O Wielkim Murze Chińskim krążą legendy, m.in to, że widać go z orbity około ziemskiej. Ten wspaniały obiekt ze względu na swoje rozczłonkowanie jest widziany ze znacznie niższych wysokości, z tych samych widać autostrady.
Długość muru jest trudna do ustalenia, ponieważ brak spójności w tej budowie oraz jej rozczłonkowanie powoduje to, że różne fachowe źródła podają znacznie od siebie różniące się dane. Najważniejszy odcinek Wielkiego Chińskiego Muru ciągnący się od zatoki Liaotung do Jiayuquan na pustyni Gobi osiąga długość 6430 km (według Przewodnika National Geographic „Chiny” s. 86).
Pierwsze fragmenty muru powstawały już VI w p.n.e., były to wały ziemne usypywane z inicjatywy ludności zamieszkującej tereny przygraniczne, w celu obrony przed napadami ludności wielkiego stepu. W III w. p.n.e. pierwszy cesarz Zjednoczonych Chin Qinshi Huangi, który przywiązywał wielką wagę do bezpieczeństwa swojego kraju nakazał budowę muru. Początkowo przy tym gigantycznym przedsięwzięciu pracowało 300000 żołnierzy i 500000 chłopów, później znacznie liczbę pracujący powiększono. Z powodu trudnych warunków naturalnych, jak również i katorżniczej pracy oraz niesubordynacji za którą podobno zamurowywano żywcem zginęło ponad 1 mln osób. Mur nie został ukończony z powodu upadku dynastii Qui.

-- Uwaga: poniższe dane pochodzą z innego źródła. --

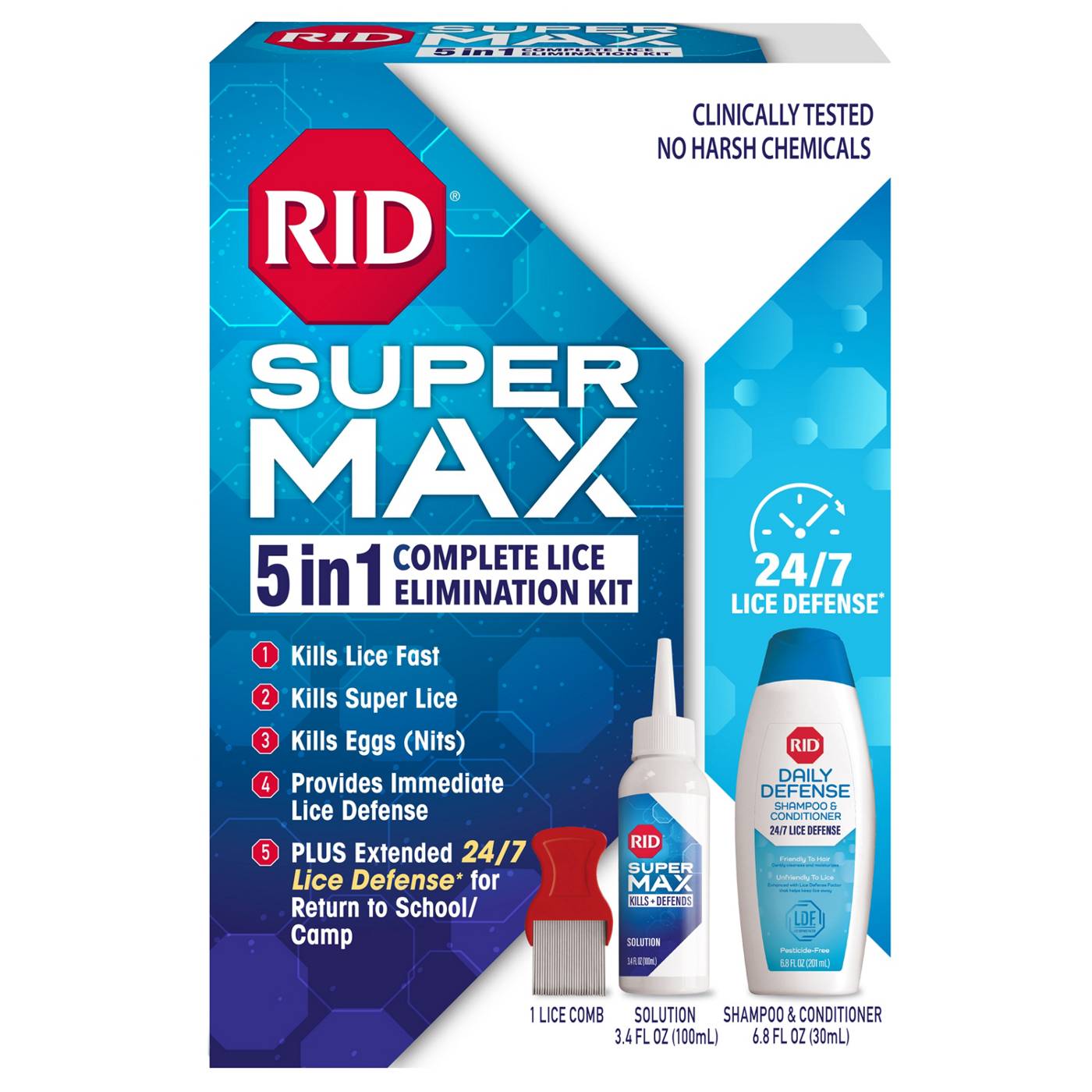 RID Super Max Kit de Tratamiento de Piojos 5 en 1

W następnych wiekach istniejące odcinki muru były niszczone i częściowo odbudowywane. Za dynastii Han Wielki Mur Chiński został doprowadzony aż do pustyni Gobi. Dopiero w XV w. za dynastii Ming prace nad budową muru zostały mocno przyśpieszone i można powiedzieć, że mur uzyskał dzisiejszy kształt. W zasadzie mur nigdy nie odegrał ważnej militarnej roli, ponieważ nie był wstanie ochronić państwa przed nawałnicami tatarskimi, czy tureckimi, a z pewnością pomagał chronić ludność przygraniczną przed napadami, a także był (na pewnym odcinku) ochroną dla szlaku jedwabnego.

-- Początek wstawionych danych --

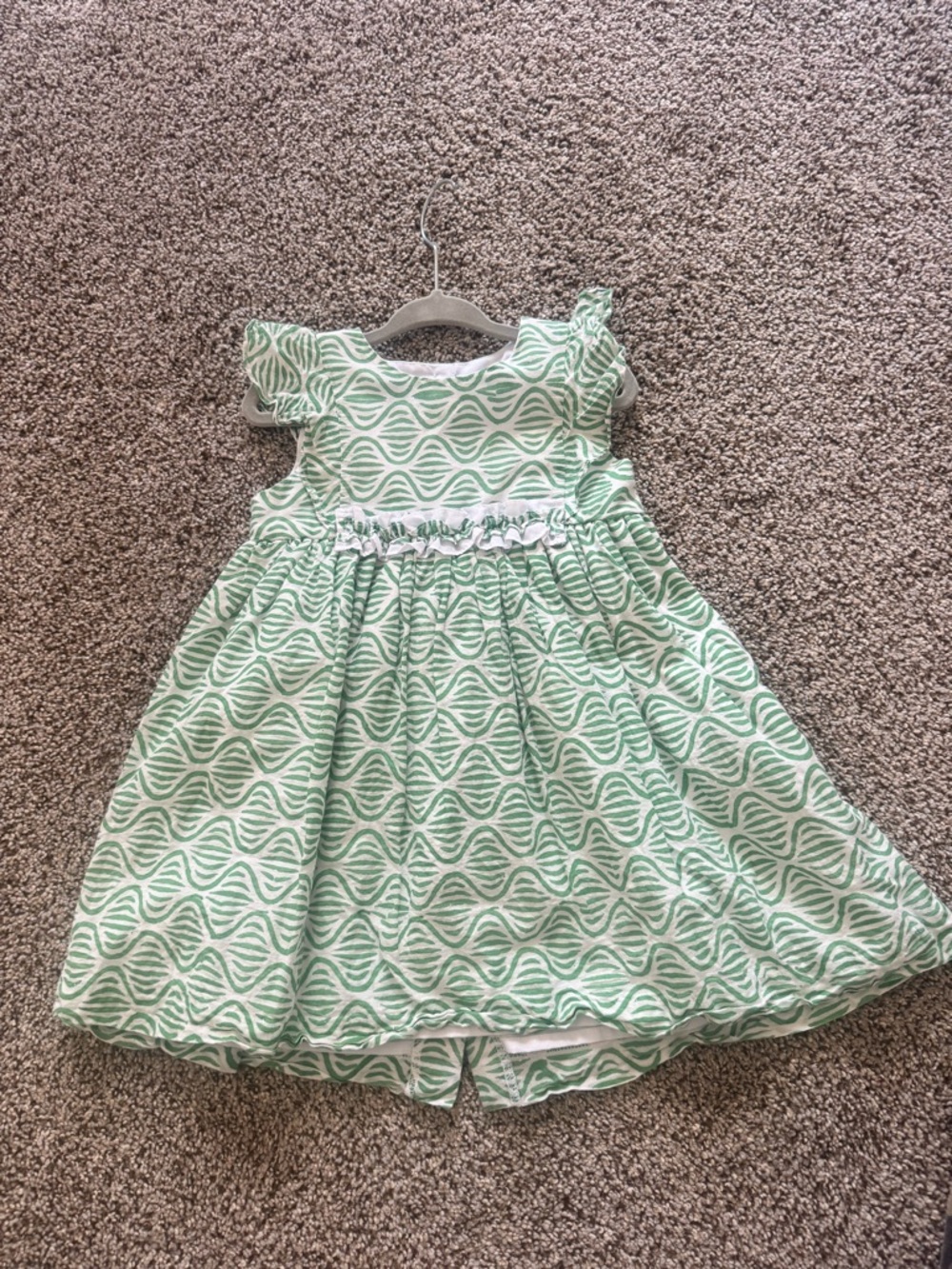 Bella Bliss Green Patterned Ruffle Sleeve Dress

Wielki Mur Chiński miałam przyjemność zobaczyć w Badaling, to jest miejscowości oddalonej zaledwie 70 km, na północny wschód od Pekinu. Miejscowość jest najchętniej pokazywana turystom, ponieważ odrestaurowana tam część muru podkreśla nie tylko jego urok, ale również jest bezpieczna dla turystów, nie mniej jednak niektóre odcinki muru są bardzo strome, więc wygodne i bezpieczne obuwie jest nieodzowne w tej wyprawie.

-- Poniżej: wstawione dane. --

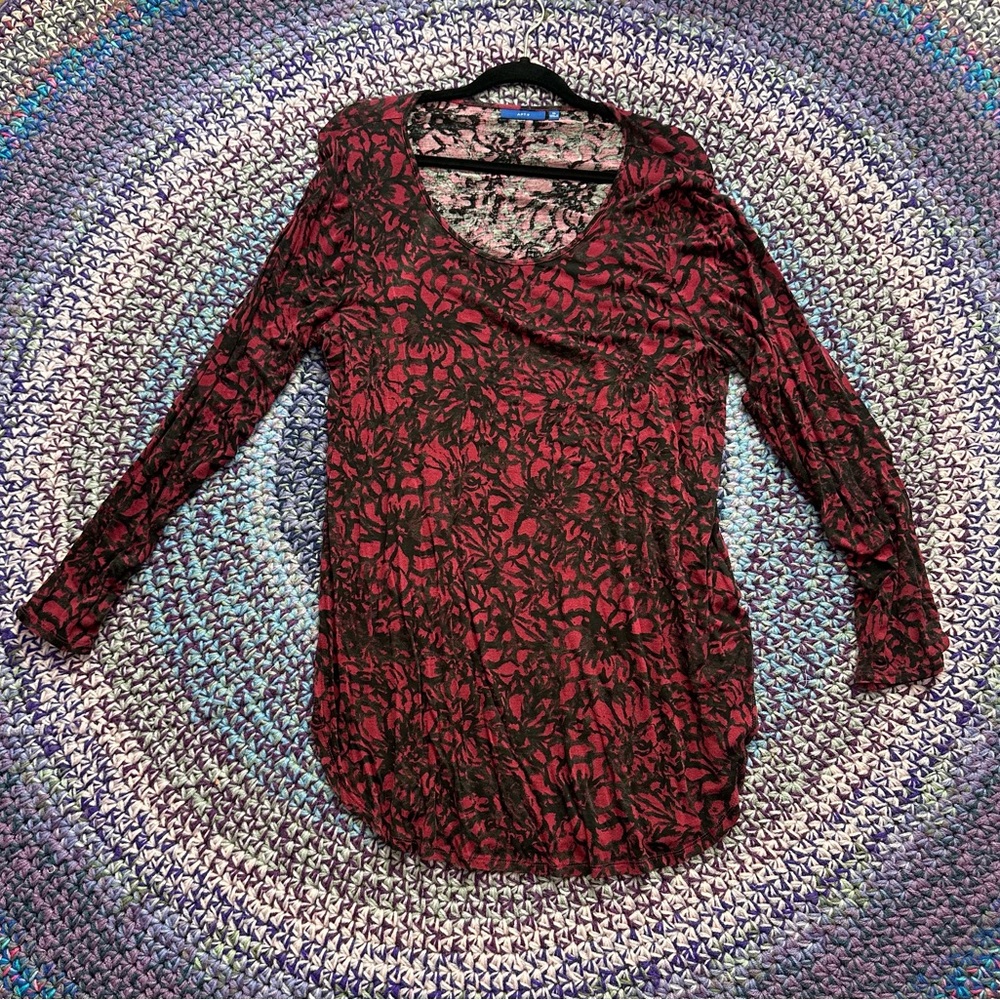 Apt. 9 Burgundy and Black Floral Top/Tunic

Do Badaling przyjeżdża mnóstwo autokarów, stąd kwitnie komercja, można tutaj kupić pamiątkową koszulkę z napisem, w różnych językach, „Byłem na Wielkim Murze Chińskim”, jak również cenną pamiątkę miejscowego rzemiosła. Na pewno spotkacie się Państwo z propozycjami zrobienia sobie zdjęcia na tle muru chińskiego, nawet można wypożyczyć strój regionalny. Nasza grupa zdecydowała się na zdjęcie zbiorowe. Jakie było nasze zdziwienie, gdy po powrocie z wędrówki po murze otrzymaliśmy gotowe zdjęcia i do tego były one włączone do pięknego albumu o tym cudownym obiekcie. Do albumu był również dołączony imienny certyfikat, który zaświadczał, że w danym dniu i danego roku byłam na Wielkim Murze Chińskim. Przyjemność ta kosztowała zaledwie 100 juanów. Zarówno album, jak i zbiorowe zdjęcie miłych i sympatycznych uczestników wycieczki są dla mnie bardzo miłą pamiątką.